■ Problem to work on:
Ignoring every picture, return the lines of the listing below word for word, from the line that holds "map of restaurants, bars, coffee" through the line that holds "Chemise tissée unie".

■ Data shown:
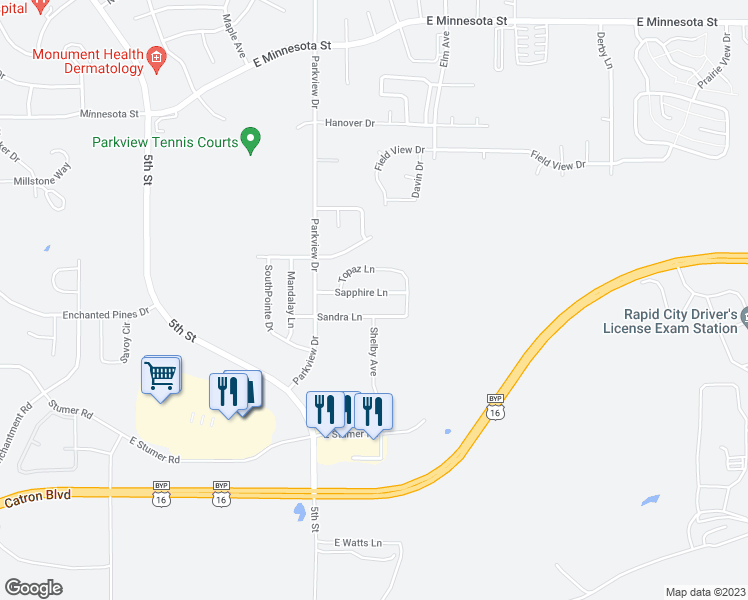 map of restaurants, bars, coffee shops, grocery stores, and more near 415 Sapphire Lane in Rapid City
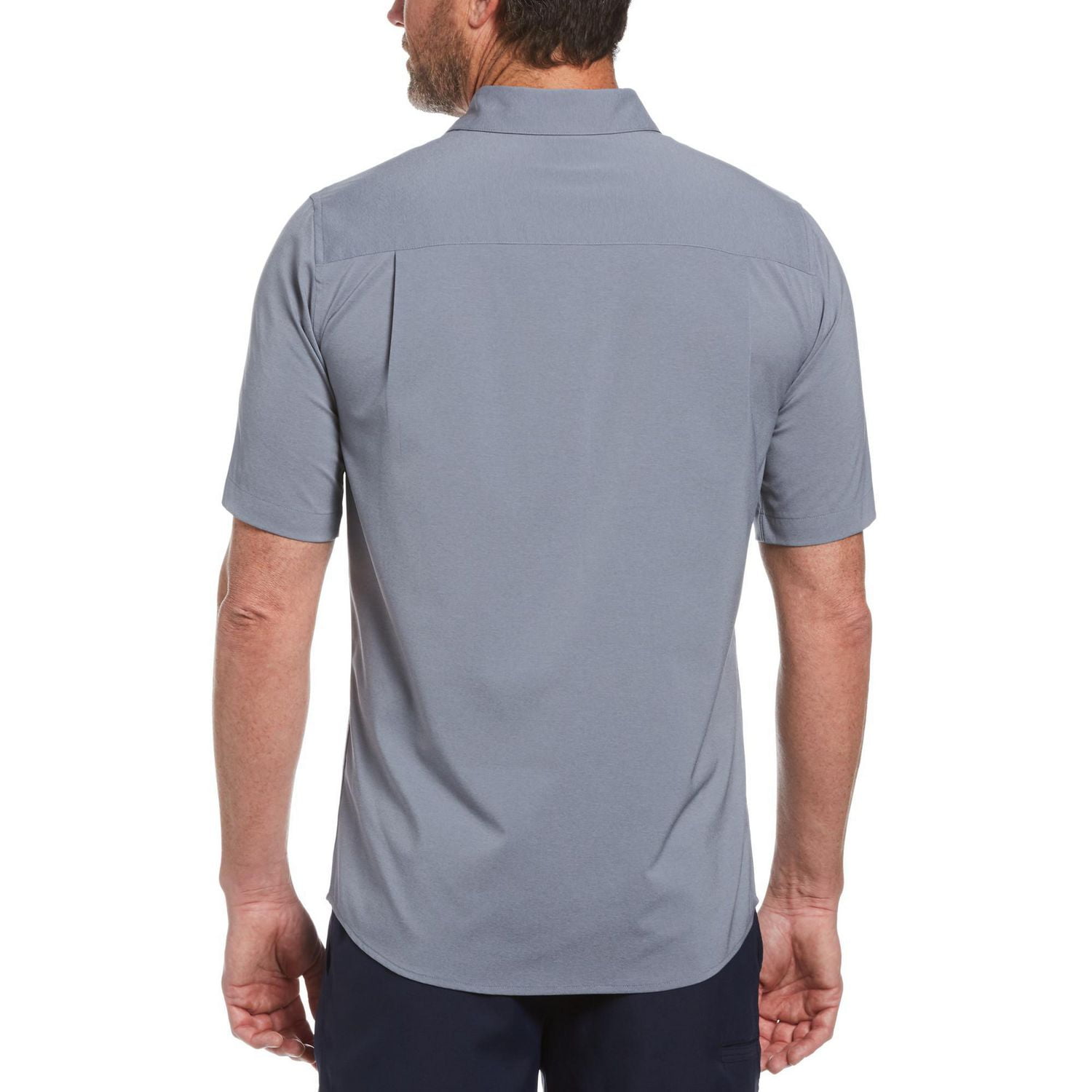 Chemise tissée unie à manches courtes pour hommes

* * *

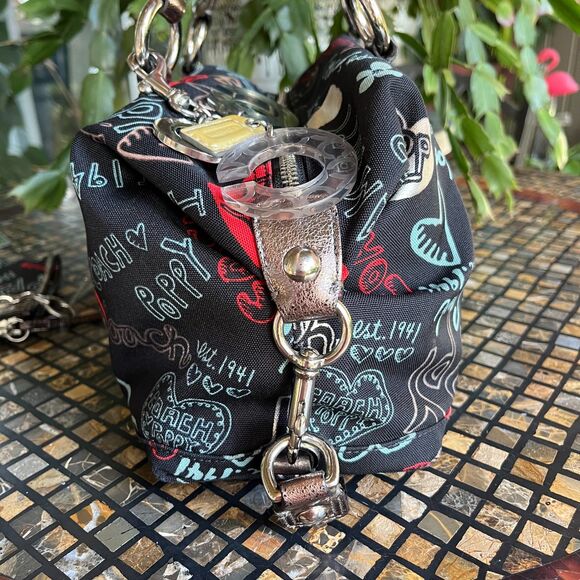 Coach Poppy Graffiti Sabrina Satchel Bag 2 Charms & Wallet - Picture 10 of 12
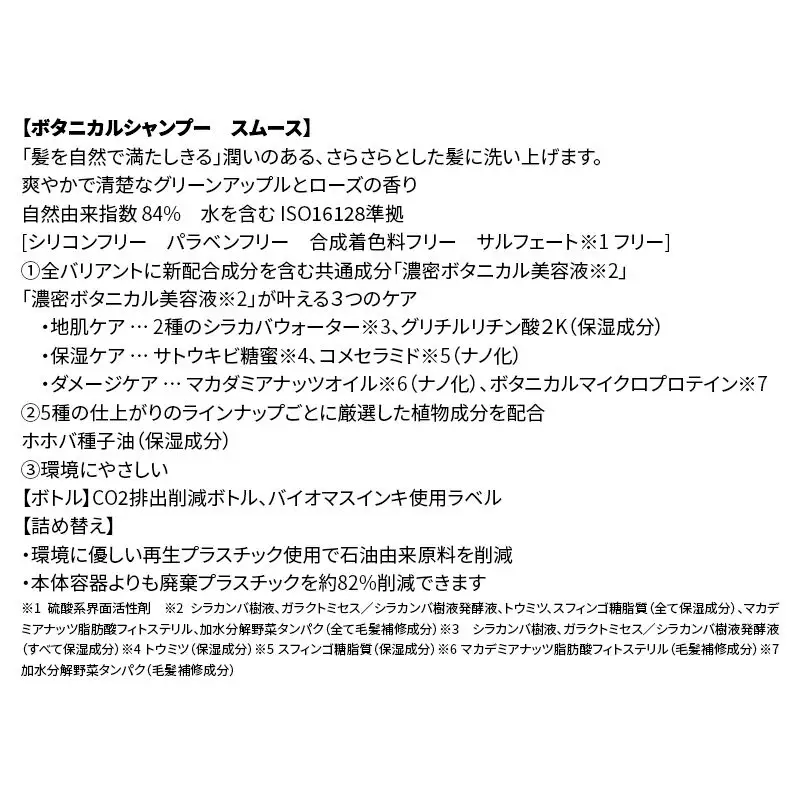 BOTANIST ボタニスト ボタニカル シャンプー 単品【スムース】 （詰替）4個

--

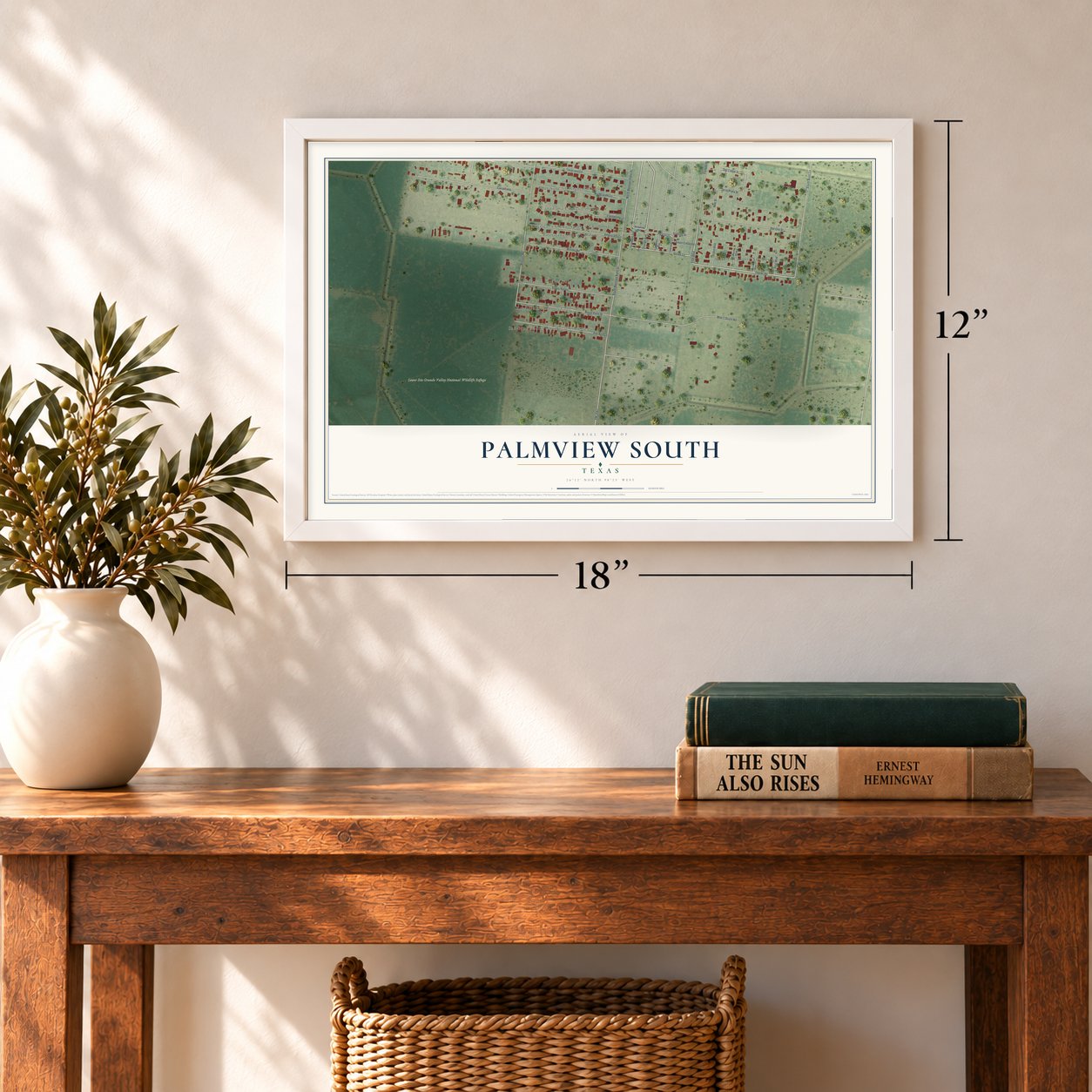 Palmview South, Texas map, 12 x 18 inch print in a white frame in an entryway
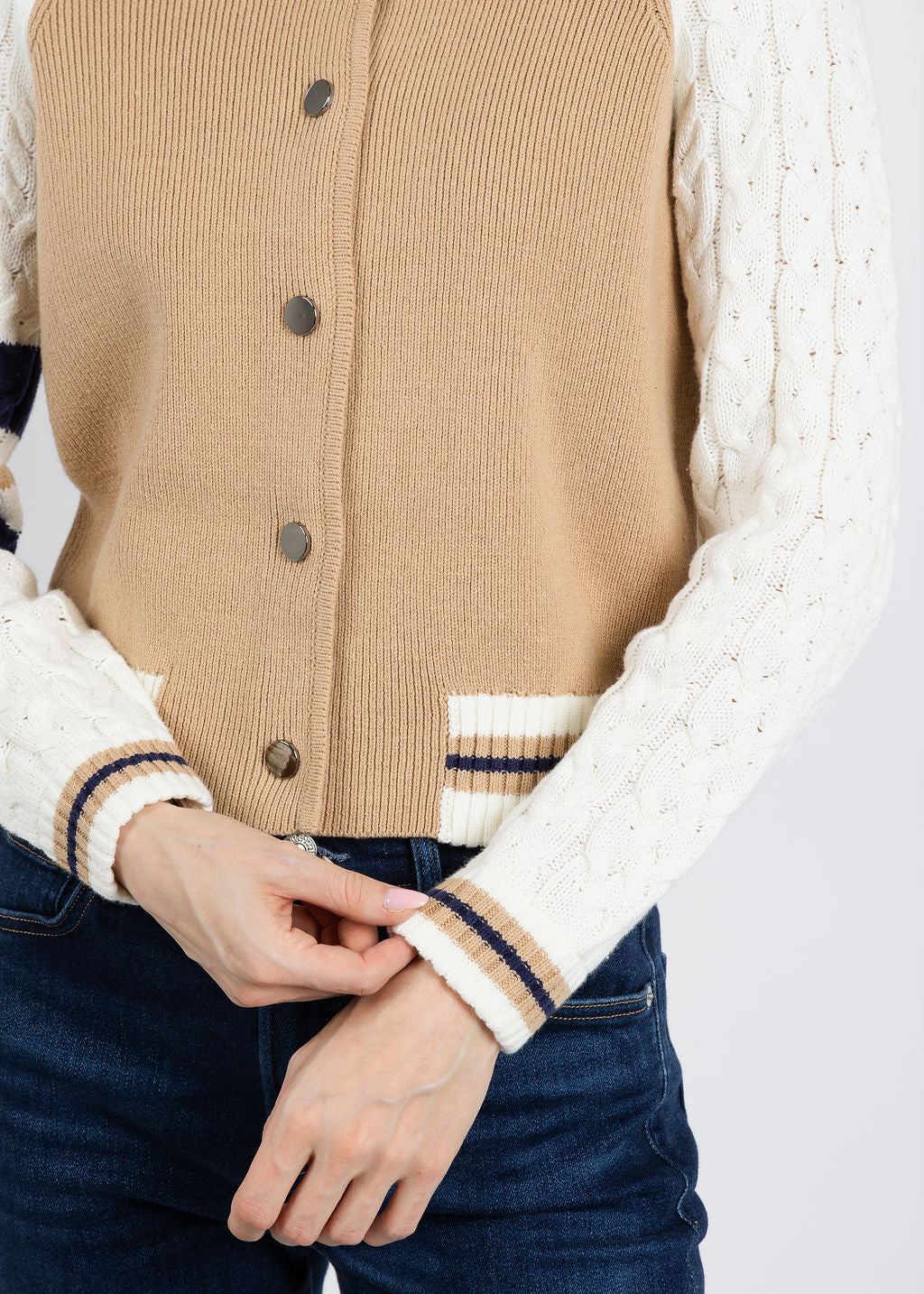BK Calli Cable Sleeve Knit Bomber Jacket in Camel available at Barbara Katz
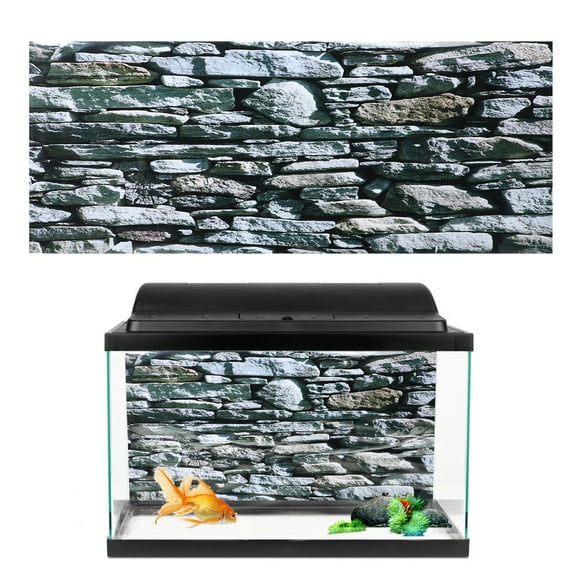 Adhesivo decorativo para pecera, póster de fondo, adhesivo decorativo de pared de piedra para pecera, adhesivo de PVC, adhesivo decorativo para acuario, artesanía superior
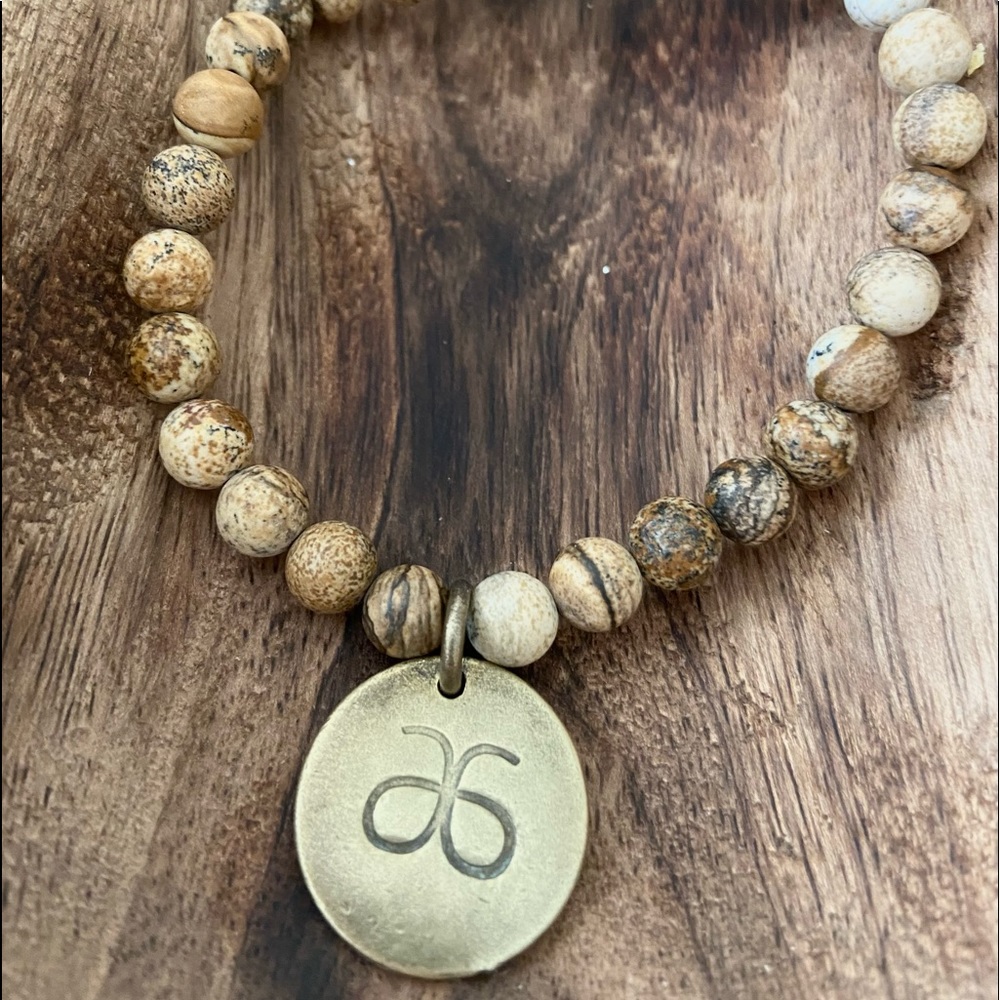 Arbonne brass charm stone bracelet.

■ Result:
 map of restaurants, bars, coffee shops, grocery stores, and more near 415 Sapphire Lane in Rapid City
 Chemise tissée unie à manches courtes pour hommes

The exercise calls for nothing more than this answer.